● **What to produce**:
Everything from the line containing "brain logo design" through the line containing "select Clone Disk in Tools" should be repeated exactly, and nothing else from the data.

● **Exercise materials**:
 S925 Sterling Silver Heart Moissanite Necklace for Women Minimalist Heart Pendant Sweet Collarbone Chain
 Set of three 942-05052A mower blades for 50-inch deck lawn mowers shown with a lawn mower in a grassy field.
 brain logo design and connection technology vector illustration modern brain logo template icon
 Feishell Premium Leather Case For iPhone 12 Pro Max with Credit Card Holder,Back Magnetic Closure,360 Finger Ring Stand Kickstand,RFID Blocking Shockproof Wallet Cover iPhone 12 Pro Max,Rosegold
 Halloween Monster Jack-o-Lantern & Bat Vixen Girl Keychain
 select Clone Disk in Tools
--
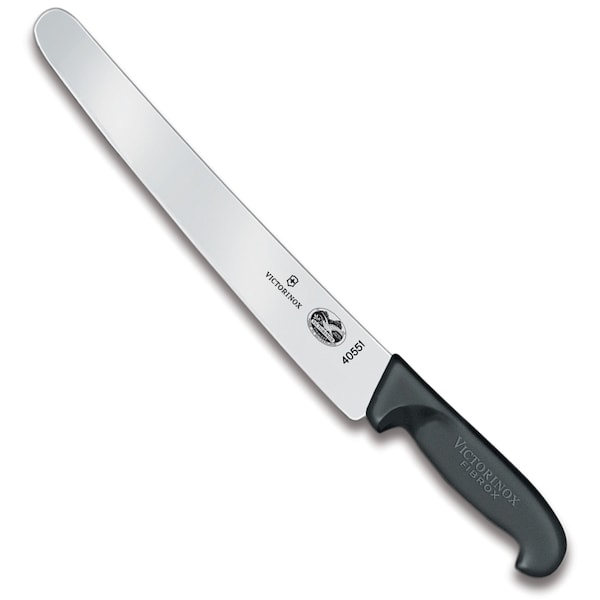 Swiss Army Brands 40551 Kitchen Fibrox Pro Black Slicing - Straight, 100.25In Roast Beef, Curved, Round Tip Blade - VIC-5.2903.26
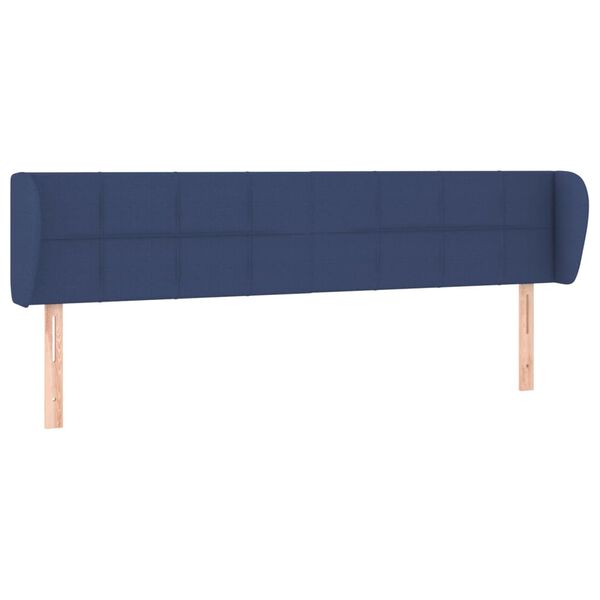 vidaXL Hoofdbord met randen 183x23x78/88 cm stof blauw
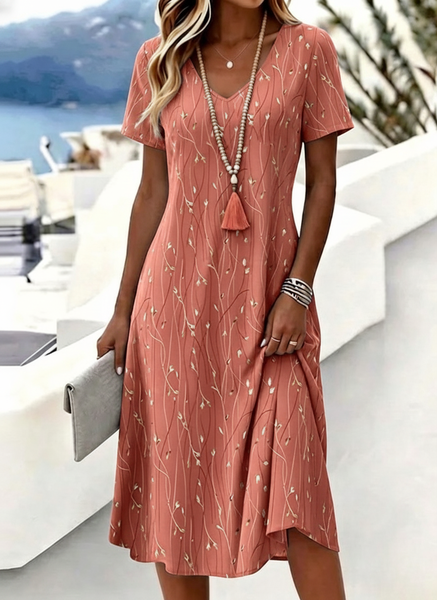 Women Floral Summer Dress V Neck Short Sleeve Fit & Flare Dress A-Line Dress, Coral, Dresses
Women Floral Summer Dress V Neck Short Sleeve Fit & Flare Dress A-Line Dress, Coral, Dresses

● **Expected answer**:
 brain logo design and connection technology vector illustration modern brain logo template icon
 Feishell Premium Leather Case For iPhone 12 Pro Max with Credit Card Holder,Back Magnetic Closure,360 Finger Ring Stand Kickstand,RFID Blocking Shockproof Wallet Cover iPhone 12 Pro Max,Rosegold
 Halloween Monster Jack-o-Lantern & Bat Vixen Girl Keychain
 select Clone Disk in Tools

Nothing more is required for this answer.